EXERCISE PROMPT: Restate the data below word for word. Skip any images it contains.

--- GIVEN DATA Enclosed Below ---

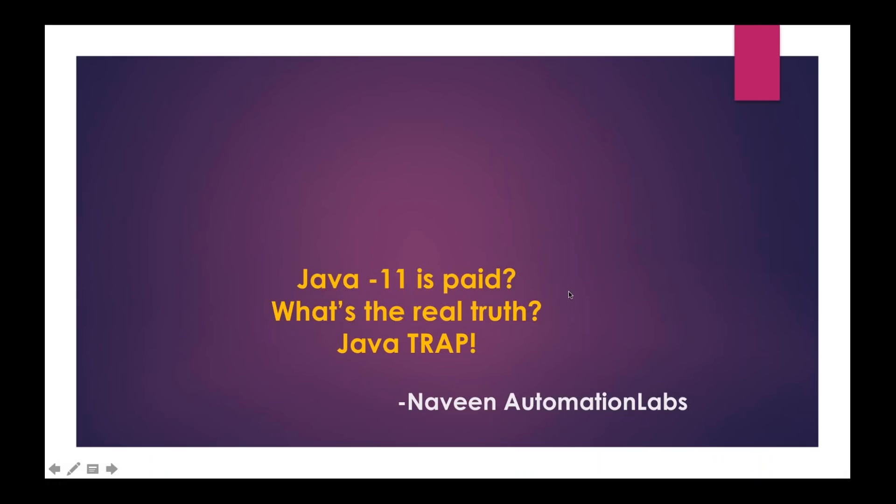Hey guys, this is Naveen Aya. Welcome back to Naveen Automation Labs. Today I'm going to cover one very important news: that Java 11 is paid or not.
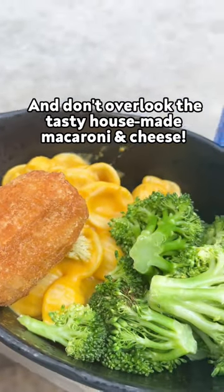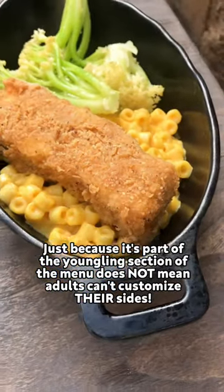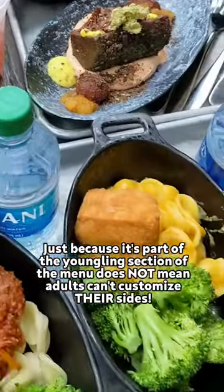And don't overlook the tasty house-made macaroni and cheese. Just because it's part of the youngling section of the menu does not mean adults can't customize their sides.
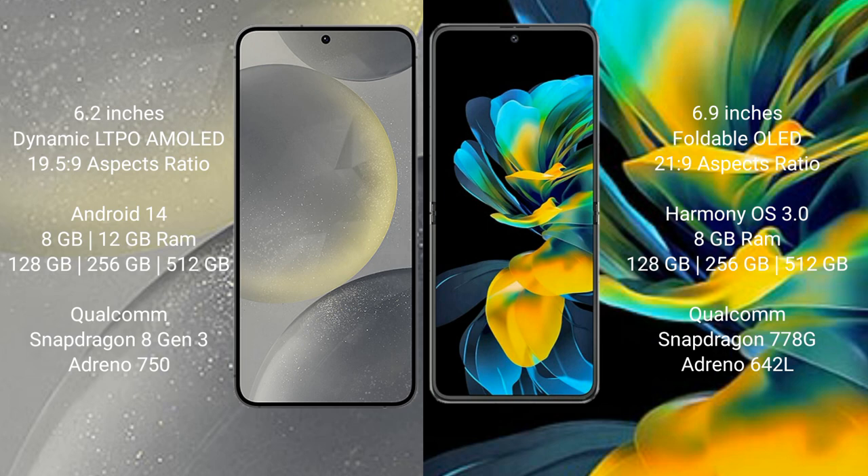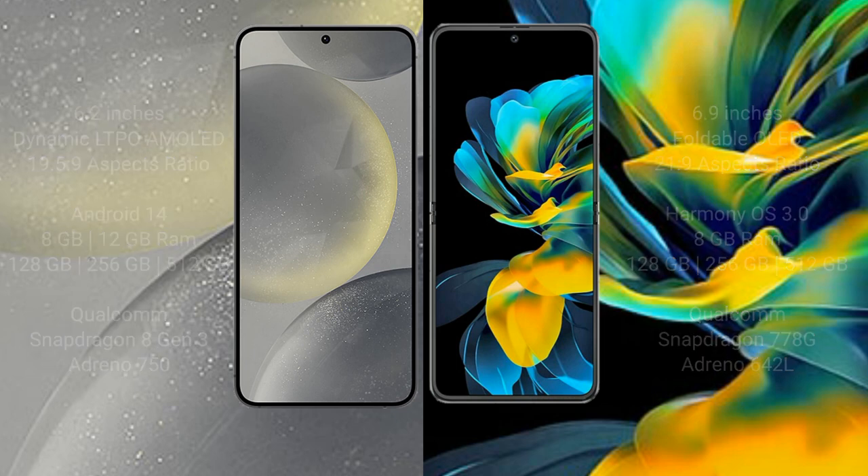Huawei Pocket S comes with 8GB RAM and 128GB, 256GB, and 512GB internal storage. It features a Qualcomm Snapdragon 778G processor and GPU Adreno 642L.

--- End of Enclosed GIVEN DATA ---

TASK ANSWER:
Hey guys, this is Naveen Aya. Welcome back to Naveen Automation Labs. Today I'm going to cover one very important news: that Java 11 is paid or not.
And don't overlook the tasty house-made macaroni and cheese. Just because it's part of the youngling section of the menu does not mean adults can't customize their sides.
Huawei Pocket S comes with 8GB RAM and 128GB, 256GB, and 512GB internal storage. It features a Qualcomm Snapdragon 778G processor and GPU Adreno 642L.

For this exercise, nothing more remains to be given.